**Task to complete:**
Exact copy, pictures omitted: the line holding "Here we're going" and every line after it down to the end of the entries.

Items from a dataset
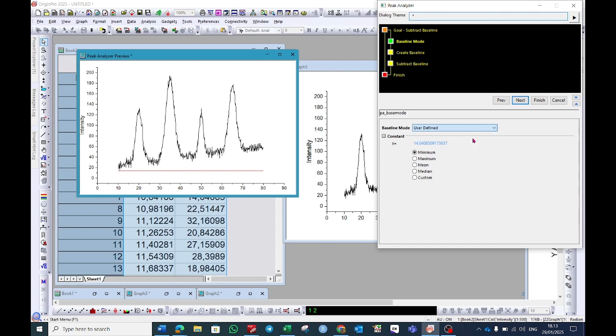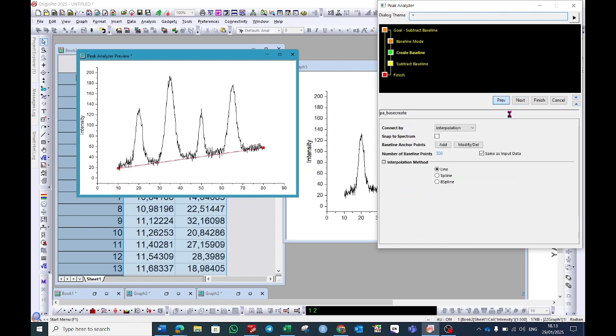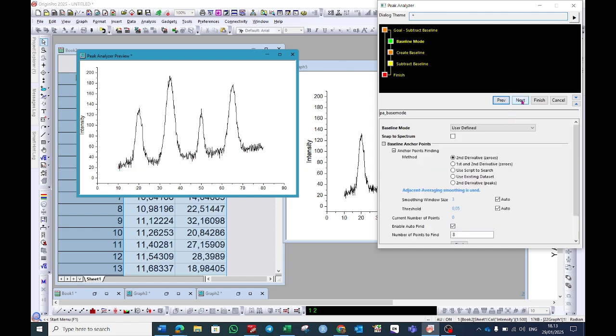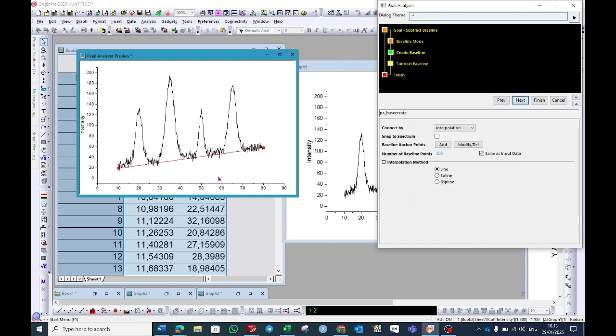So in the baseline mode select user define, and then click on next. A baseline correction is generated, but this is not what we want.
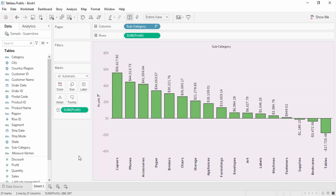Hello everyone, welcome to the Tableau tutorials. In this video we are going to see one of the most important concepts, and that is the dual axis concept in Tableau. What happens with the dual axis concept is that suppose there is a visualization like right now we are dealing with a visualization that is subcategory-wise profit.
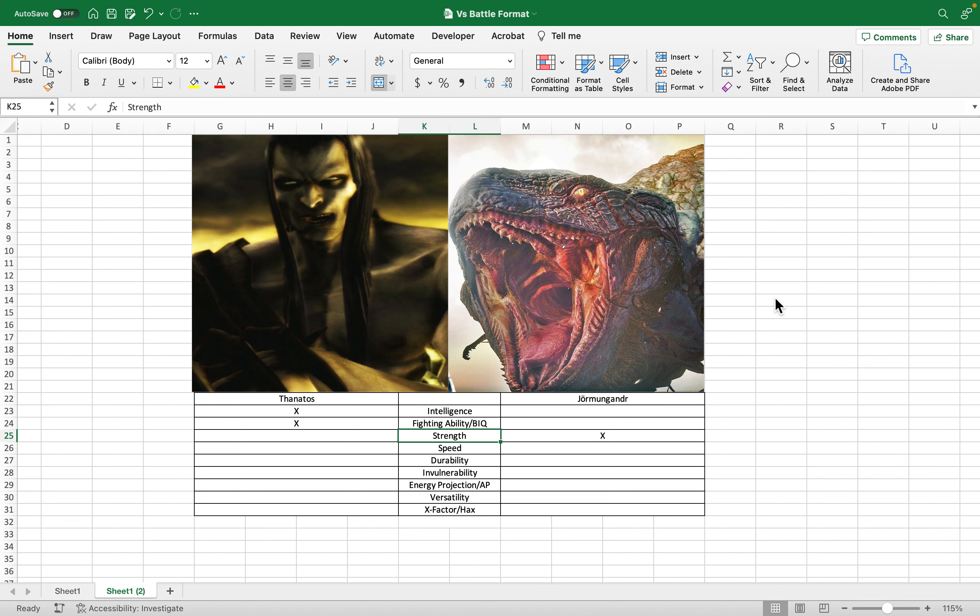Strength, I will actually give strength to Jormungandr. Thanatos, and someone brought up a good point, just because something is older doesn't necessarily mean it's more powerful. Now, in terms of strength, Thanatos is strong, and I've always said he's around Zeus' level, but I think he's probably a level or two below that. Jormungandr is up there, he's definitely up there with Thor, Baldur, and gods of that level. Not quite to the extent that Norse Kratos is, or even maybe God of War III Kratos, but he's definitely up there in terms of strength.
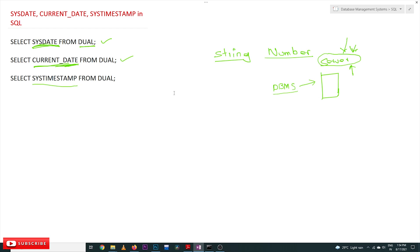This is all about SYSDATE, CURRENT_DATE, and SYSTIMESTAMP. Hope you got clarity on this concept. Thanks for watching. If you haven't subscribed to our channel, please subscribe and press the bell icon for the latest updates. Post any doubts in the comment section below. If you found this video helpful, please give it a like and share it with your friends.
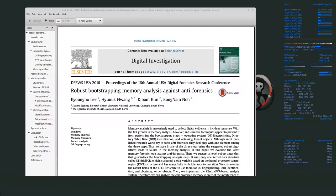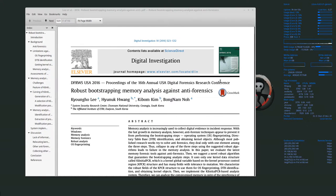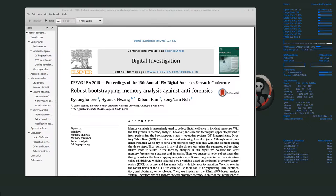Welcome back everyone. Today I'm reading 'Robust Bootstrapping Memory Analysis Against Anti-Forensics' by a couple of Korean researchers in South Korea. This was presented at the DFRWS USA 2016 conference. If you haven't been to the Digital Forensics Research Workshop before, either in the US or Europe, I highly recommend it — it's a very good conference. This was published in Digital Investigation Journal, Volume 18, 2016. I'll have a link below if you'd like to read it.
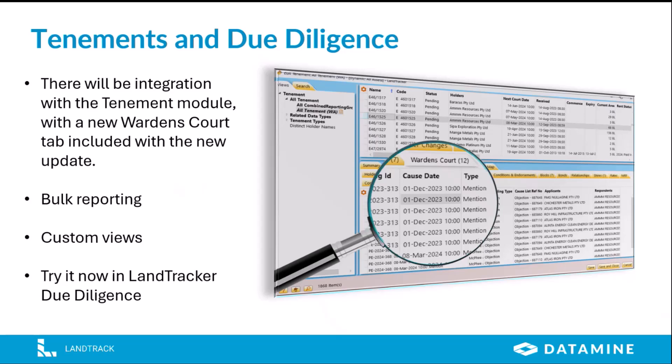For users that are already managing their objections in LandTracker, in the agreements module, we intend to assist you with an upgrade to the new format. There will be a transition and transfer of data. If you made your own custom setup and templates, we're able to keep any of your custom data and bring that over to the new format. After release, we anticipate some of you will want to start using the Warden's Court data immediately — please contact us if you need assistance and we'll help you get set up.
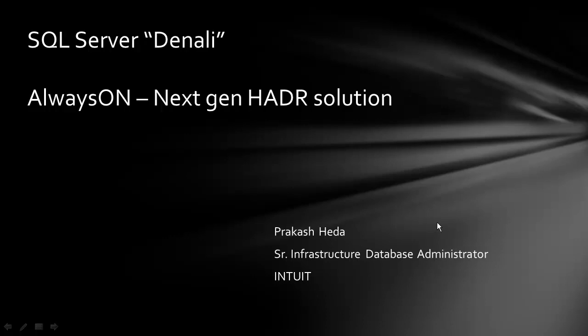Welcome to SQL Server Denali always on next-generation HDR solution. In this series of videos, you will be learning how to create a Hyper-V test lab which allows you to validate SQL Server Denali CTP1 features.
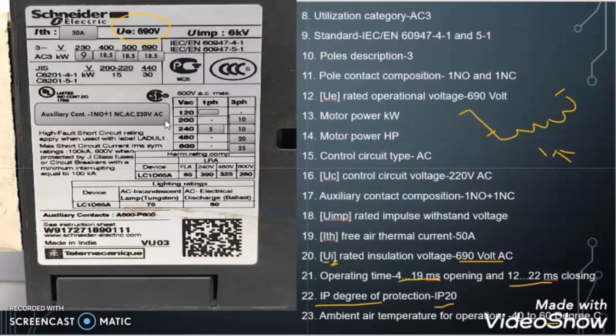I hope you got a clear idea of what a contactor is, its major components, its working principle, and the nameplate detail of the contactor. Hope you enjoyed this video. If you really liked my video, please give a thumbs up, subscribe to my channel, and share with your friends. We will meet in another informative video. Till then, take care, keep learning, and bye bye.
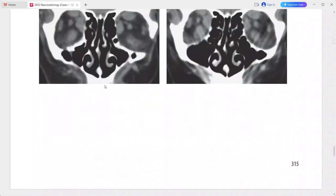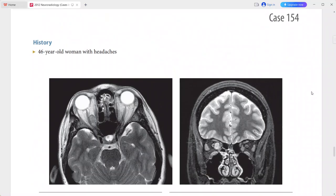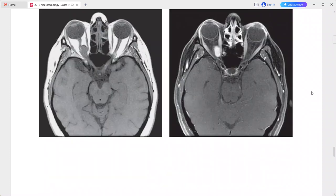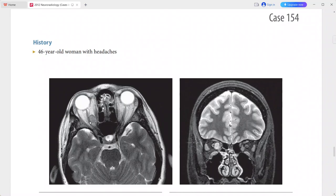Next is a 46-year-old woman presenting with headaches. There is a well-defined intraconal mass in the right orbit between the medial rectus and the optic nerve, displacing the optic nerve laterally without primary involvement of the nerve. On T2-weighted MRI, this mass has increased signal relative to the muscles.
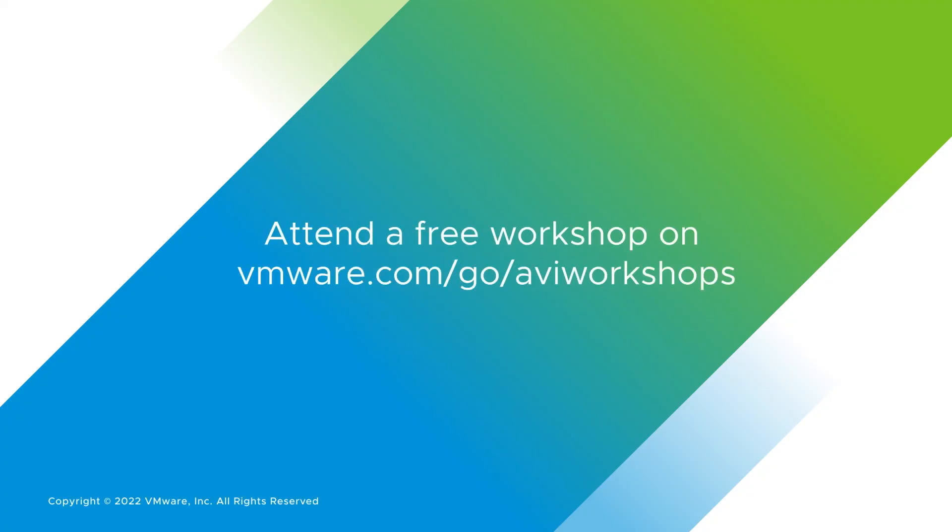Attend a free workshop on vmware.com slash go slash aviworkshops.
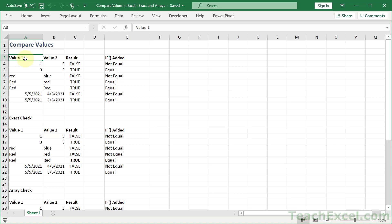Here we're going to compare values in Excel, and we'll start off nice and simple and very quickly move on to case-sensitive comparisons and arrays. So there should be a little bit for almost everyone here. Make sure to subscribe, click the bell icon, and like the video. The more of you that do that, the more videos I can make. Check the description for a link to download this file so that you can follow along.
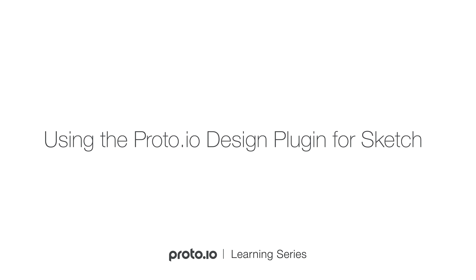The Proto.io Design Plug-in allows you to easily export your sketch designs and import them into Proto.io to create high-fidelity prototypes.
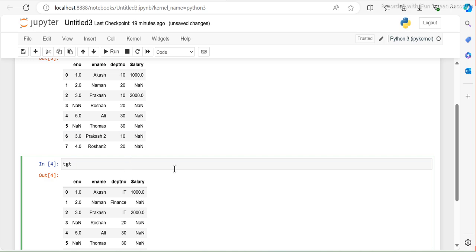How do we basically check what is the data type of department number in source versus target? Ideally when I do the data type comparison checks — since these are only three or four columns, it's easy to check. But in scenarios where we have big fact and dimension tables with 500 or 600 columns, it's not possible to go and manually verify. That's where this automation comes into play. When my script finishes, it should tell me the difference in data type between source and target.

**Output below:**
Here we're going to compare values in Excel, and we'll start off nice and simple and very quickly move on to case-sensitive comparisons and arrays. So there should be a little bit for almost everyone here. Make sure to subscribe, click the bell icon, and like the video. The more of you that do that, the more videos I can make. Check the description for a link to download this file so that you can follow along.
The Proto.io Design Plug-in allows you to easily export your sketch designs and import them into Proto.io to create high-fidelity prototypes.
How do we basically check what is the data type of department number in source versus target? Ideally when I do the data type comparison checks — since these are only three or four columns, it's easy to check. But in scenarios where we have big fact and dimension tables with 500 or 600 columns, it's not possible to go and manually verify. That's where this automation comes into play. When my script finishes, it should tell me the difference in data type between source and target.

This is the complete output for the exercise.